En un modelo en el que el protagonismo político lo tienen casi en exclusiva los partidos, el problema se plantea porque con frecuencia los negociadores públicos atienden a intereses diferentes, y a menudo contrarios, al interés general. Ya sean los personales, los del partido, los del territorio o los del grupo social o económico que ha apoyado su carrera, estos intereses siempre acaban por contaminar la negociación y por perjudicar al bien común.

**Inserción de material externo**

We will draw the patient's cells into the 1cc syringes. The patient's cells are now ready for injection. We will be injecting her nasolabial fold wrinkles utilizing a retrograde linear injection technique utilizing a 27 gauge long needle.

El último ejemplo es el de la aprobación de estos tardíos Presupuestos Generales del Estado. El PP necesita los votos que le faltan para alcanzar la mayoría absoluta que no tiene, y para ello debe pactar con otras fuerzas políticas. Hasta ahí, nada que objetar, parece incluso un contrapeso saludable que el partido que gobierna tenga que pactar con la oposición. El problema surge cuando la negociación o el pacto se sustancian en términos impropios, y los ciudadanos empiezan a hacerse preguntas como las siguientes: ¿Cuánto hemos pagado los que no tenemos la fortuna de vivir en el País Vasco por el voto del PNV? ¿Cuánto nos costará a los españoles peninsulares y baleares el disputado voto del Sr. Quevedo?

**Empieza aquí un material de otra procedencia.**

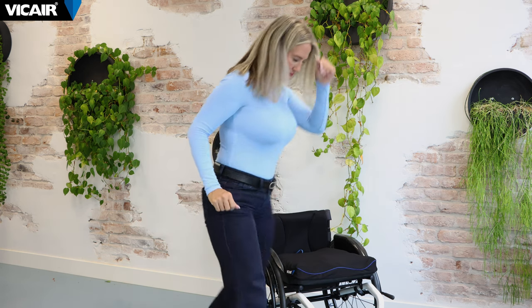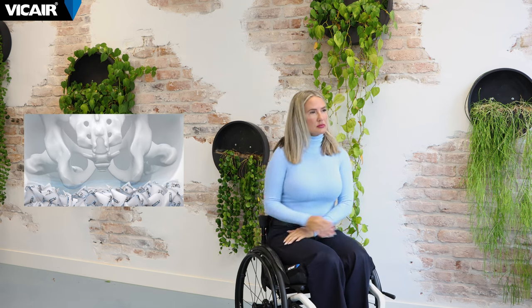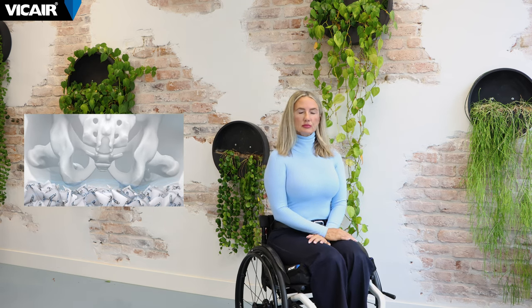Sit on the cushion for a few minutes to allow the cushion and the smart cells to adjust to the shape of your body. If necessary, adjust the footrest of your wheelchair. Your feet should rest on the supports while your thighs make full contact with the cushion.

Durante décadas, el sistema electoral español ha dotado a las fuerzas políticas nacionalistas de una desproporcionada representación en las Cortes Generales, poniendo en sus manos legislatura tras legislatura la clave de la gobernabilidad, y forzando pactos políticos y económicos muy beneficiosos para sus territorios, en detrimento del interés común en nombre del cual deberían haber negociado. La situación actual en Cataluña tiene mucho que ver con el mercadeo continuado que sucesivos gobiernos centrales han mantenido con unas fuerzas nacionalistas que nunca tuvieron bastante con el autogobierno, y que hoy exigen la independencia sin pudor, como niños malcriados a los que se consintieron excesos que afectaban a lo esencial, a cambio de unos votos coyunturalmente necesarios.

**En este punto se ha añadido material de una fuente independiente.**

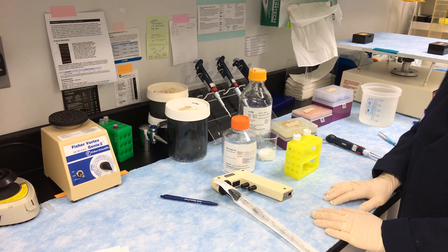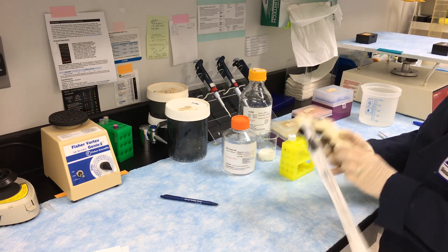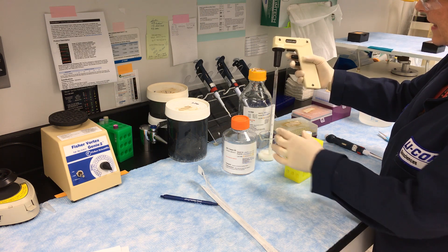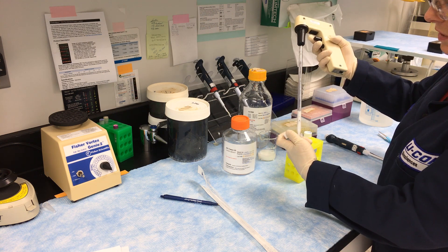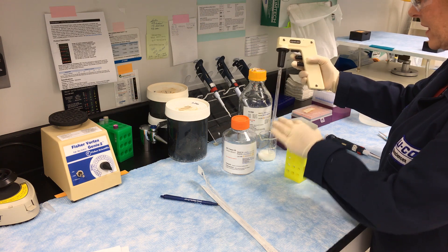While the blocking step is going on, we're going to go ahead and make up our tubes for the antibody dilutions. We'll make one for primary and one for secondary. For this size of box, we're going to use five mils, so I'm going to put five mils of milk in each one. This is 5% milk in PBS.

A fuerza de costumbre, hemos llegado a la perversión de considerar normal que los representantes públicos pacten, como si fueran astutos comerciantes o sagaces empresarios que buscan legítimamente el mayor beneficio para su negocio. Los políticos nos representan a todos y tienen la obligación de trabajar por el bien común. Su negociación con otras fuerzas políticas sólo puede tener como moneda de cambio la cesión en los planteamientos programáticos o la asunción temporal de postulados ideológicos que no son exactamente los propios; pero nunca, el otorgamiento de beneficios económicos o de cuotas de poder, a cambio del voto, aunque el fin sea tan justificado como la estabilidad que proporciona la aprobación de unos Presupuestos Generales del Estado.

Ceder a la fácil tentación de confundir negociación política con simple intercambio puede llevar a situaciones difíciles, como la que se le plantea ahora mismo al partido de Albert Rivera. Ciudadanos, que ha tenido como bandera la igualdad entre territorios y que se ha mostrado abiertamente contrario a los cupos vasco y navarro, tendrá que cerrar los ojos al votar a favor de los Presupuestos, para no ver cómo el PP ha obtenido el voto del PNV a cambio de los 400 millones que el País Vasco se ahorrará este año en la factura del cupo.

La cosa pública no es un negocio. En la negociación política no vale todo. Si este tipo de comportamientos se normaliza, el alejamiento entre la ciudadanía y la política será cada vez mayor y el Parlamento se parecerá cada vez más a un zoco y cada vez menos a lo que debe ser, la asamblea de los representantes del sujeto de la soberanía nacional.